A Gourmet Link
December 1, 2005
A Gourmet Link
By Sandy Parlin
Specialty flavors enhance the appeal of chicken sausage, defining its marketplace
Remember when sausage mostly was an accompaniment to eggs, and the choice was plain or maple-flavored? Today, chicken sausage adorns refrigerated cases and freezers in supermarkets, health-food stores and gourmet shops across the country. Yet, whether it is priced lower than beef or labeled as gourmet cuisine, chicken sausage definitely captures a place in the market.
Of course, centuries ago, when frugal butchers stuffed leftover organ meat into cleaned animal intestines, ‘gourmet sausage’ would have been an oxymoron. Though the filling morphed into ground pork and other meat, sausage was hardly banquet fare.
Now, manufacturers add herbs, spices, and seasonings to chicken to create sausage in flavors such as Andouille, apple, chorizo, Italian, roasted red pepper and sun-dried tomato. Chicken sausage serves as a mealtime favorite, snack or hors d’oeuvre.
In keeping with consumers’ interest in fewer chemical additives and more organic foods, several manufacturers offer natural and organic chicken sausage.
Though only a few decades old in today’s market, chicken sausage goes back centuries. Acheira sausage reportedly first was produced in Mirandela, Portugal. Made from chicken instead of pork, it was created by Jewish people during the Inquisition in order to hide their identity.
Today, chicken sausage is valued as a low-fat, nutritious and tasty alternative to pork and other meats. According to the National Chicken Council (NCC), the gourmet chicken sausage market is 300 to 350 million pounds this year, a pound or more per person.

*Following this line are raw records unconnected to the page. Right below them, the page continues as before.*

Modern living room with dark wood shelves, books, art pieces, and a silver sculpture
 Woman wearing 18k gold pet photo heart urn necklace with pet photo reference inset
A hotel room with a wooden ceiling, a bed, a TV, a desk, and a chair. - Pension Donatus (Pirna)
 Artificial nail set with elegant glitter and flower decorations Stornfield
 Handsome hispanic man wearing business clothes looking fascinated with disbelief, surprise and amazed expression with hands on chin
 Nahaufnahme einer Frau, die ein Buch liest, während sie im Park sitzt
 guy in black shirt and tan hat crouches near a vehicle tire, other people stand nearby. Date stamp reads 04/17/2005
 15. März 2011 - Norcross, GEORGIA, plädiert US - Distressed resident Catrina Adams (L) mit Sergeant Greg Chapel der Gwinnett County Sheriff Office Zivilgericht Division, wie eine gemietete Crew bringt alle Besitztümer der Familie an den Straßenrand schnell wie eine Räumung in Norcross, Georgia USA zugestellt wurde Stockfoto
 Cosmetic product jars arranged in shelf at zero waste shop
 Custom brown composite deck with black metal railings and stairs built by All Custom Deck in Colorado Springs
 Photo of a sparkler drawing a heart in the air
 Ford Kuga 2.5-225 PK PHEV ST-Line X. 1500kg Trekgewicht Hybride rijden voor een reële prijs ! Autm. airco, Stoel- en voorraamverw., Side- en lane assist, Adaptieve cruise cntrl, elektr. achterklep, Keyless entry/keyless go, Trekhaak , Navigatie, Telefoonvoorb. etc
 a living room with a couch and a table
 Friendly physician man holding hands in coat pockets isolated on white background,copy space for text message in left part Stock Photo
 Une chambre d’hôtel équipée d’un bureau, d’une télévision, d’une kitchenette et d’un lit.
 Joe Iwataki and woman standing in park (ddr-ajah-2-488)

“Usually we see new products starting in foodservice, but the gourmet chicken sausage products seem to be working the other way around,” says Bill Roenigk, senior vice president of the NCC. Chicken sausage began in gourmet grocery stores and quickly made its way into mainstream supermarkets. Due to its low volume, smaller specialty meat companies are its major producers. Roenigk predicts that it will be a while before gourmet chicken sausage becomes a mass-market item.
“Because the products are upscale with more costly, ‘exotic’ ingredients added to the chicken, the retail price point is somewhat higher,” he explains. “Although this tends to hold down higher volume, repeat purchases are fairly good.”
Gourmet chicken sausage grows 5 to 10 percent per year, which should continue, Roenigk adds.
“We’ll continue to see more different, exotic varieties that provide a wider range of taste adventures,” he notes. “Gourmet chicken sausage producers experiment with many unusual flavors, so new consumers may be more interested in the ethnic or exotic taste than for the chicken itself.”
Chicken hot dogs, on the other hand, are totally different from chicken gourmet sausages. They are at the other end of the price spectrum with prices below their red meat counterparts. They often are mixed with pork or beef.
Manufacturers of equipment for sausage production found it easy to transition from pork and other meats to chicken. Handtmann Inc. of Buffalo Grove, IL, first produced sausage stuffers in the 1960s.
The high-quality, designer sausage with chicken and organic additives uses the Handtmann stuffers with the SL Automated Linking and Hanging Lines, reports Steve Tennis, president of Handtmann. “The basic, good-handling practices for sausage apply to chicken sausage,” he adds.
Canton, MA-based Reiser began producing sausage-making equipment around 1978, recalls Bernd Mense, director of food technology. He adds that chicken sausage marketshare is growing primarily because of nutritional labeling advantages and because chicken is seen as healthier.
Reiser’s frozen meat breaker Rotoclaw, Seydelmann Bowl Cutters, Seydelmann Grinders and AMFEC mixer and blending systems are among the company’s newest innovations in this realm. Others include the Vemag double screw sausage stuffers with inline grinding, linking attachments, inline cutters and hanging devices. For cooked sausages, Reiser produces the Vemag Smoke and Cook Houses. In research and development, Reiser focuses on creating better texture, color, and meat structure, and extending shelf life of chicken sausage.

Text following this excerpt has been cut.